• Information:
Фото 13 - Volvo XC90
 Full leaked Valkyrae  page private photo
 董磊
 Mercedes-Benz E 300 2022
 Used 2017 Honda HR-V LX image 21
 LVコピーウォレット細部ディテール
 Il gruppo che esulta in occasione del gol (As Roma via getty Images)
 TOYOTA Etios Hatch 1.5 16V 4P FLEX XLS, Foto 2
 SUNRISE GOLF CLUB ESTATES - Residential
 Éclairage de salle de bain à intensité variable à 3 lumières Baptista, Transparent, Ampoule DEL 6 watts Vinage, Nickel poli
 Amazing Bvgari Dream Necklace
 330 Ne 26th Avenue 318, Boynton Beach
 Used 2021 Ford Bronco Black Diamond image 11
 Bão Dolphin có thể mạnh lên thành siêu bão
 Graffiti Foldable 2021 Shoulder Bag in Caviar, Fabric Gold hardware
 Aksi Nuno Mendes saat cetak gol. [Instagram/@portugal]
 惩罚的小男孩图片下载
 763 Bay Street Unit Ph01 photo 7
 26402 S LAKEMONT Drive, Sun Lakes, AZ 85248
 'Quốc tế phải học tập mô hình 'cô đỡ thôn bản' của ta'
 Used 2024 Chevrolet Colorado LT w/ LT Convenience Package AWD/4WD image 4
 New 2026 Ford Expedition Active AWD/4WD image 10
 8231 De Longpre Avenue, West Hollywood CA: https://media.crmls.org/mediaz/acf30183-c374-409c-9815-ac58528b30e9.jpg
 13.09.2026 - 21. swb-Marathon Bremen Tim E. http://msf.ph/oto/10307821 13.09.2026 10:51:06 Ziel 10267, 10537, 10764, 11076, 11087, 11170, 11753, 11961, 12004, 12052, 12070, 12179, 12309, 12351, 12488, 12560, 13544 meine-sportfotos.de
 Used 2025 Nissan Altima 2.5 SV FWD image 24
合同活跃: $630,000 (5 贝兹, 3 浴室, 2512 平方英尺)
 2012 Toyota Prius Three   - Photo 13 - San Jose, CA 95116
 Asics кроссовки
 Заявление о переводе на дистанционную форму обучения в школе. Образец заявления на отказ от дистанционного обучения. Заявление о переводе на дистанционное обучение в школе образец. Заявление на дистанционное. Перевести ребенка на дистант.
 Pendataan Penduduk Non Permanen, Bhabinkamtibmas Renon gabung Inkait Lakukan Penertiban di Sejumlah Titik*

• Instructions to follow:
Precisely the line with "Used 2024 Chevrolet" and the lines after it, up to the last line of the entries above, are to be reproduced, and nothing more.

• Finished task:
 Used 2024 Chevrolet Colorado LT w/ LT Convenience Package AWD/4WD image 4
 New 2026 Ford Expedition Active AWD/4WD image 10
 8231 De Longpre Avenue, West Hollywood CA: https://media.crmls.org/mediaz/acf30183-c374-409c-9815-ac58528b30e9.jpg
 13.09.2026 - 21. swb-Marathon Bremen Tim E. http://msf.ph/oto/10307821 13.09.2026 10:51:06 Ziel 10267, 10537, 10764, 11076, 11087, 11170, 11753, 11961, 12004, 12052, 12070, 12179, 12309, 12351, 12488, 12560, 13544 meine-sportfotos.de
 Used 2025 Nissan Altima 2.5 SV FWD image 24
合同活跃: $630,000 (5 贝兹, 3 浴室, 2512 平方英尺)
 2012 Toyota Prius Three   - Photo 13 - San Jose, CA 95116
 Asics кроссовки
 Заявление о переводе на дистанционную форму обучения в школе. Образец заявления на отказ от дистанционного обучения. Заявление о переводе на дистанционное обучение в школе образец. Заявление на дистанционное. Перевести ребенка на дистант.
 Pendataan Penduduk Non Permanen, Bhabinkamtibmas Renon gabung Inkait Lakukan Penertiban di Sejumlah Titik*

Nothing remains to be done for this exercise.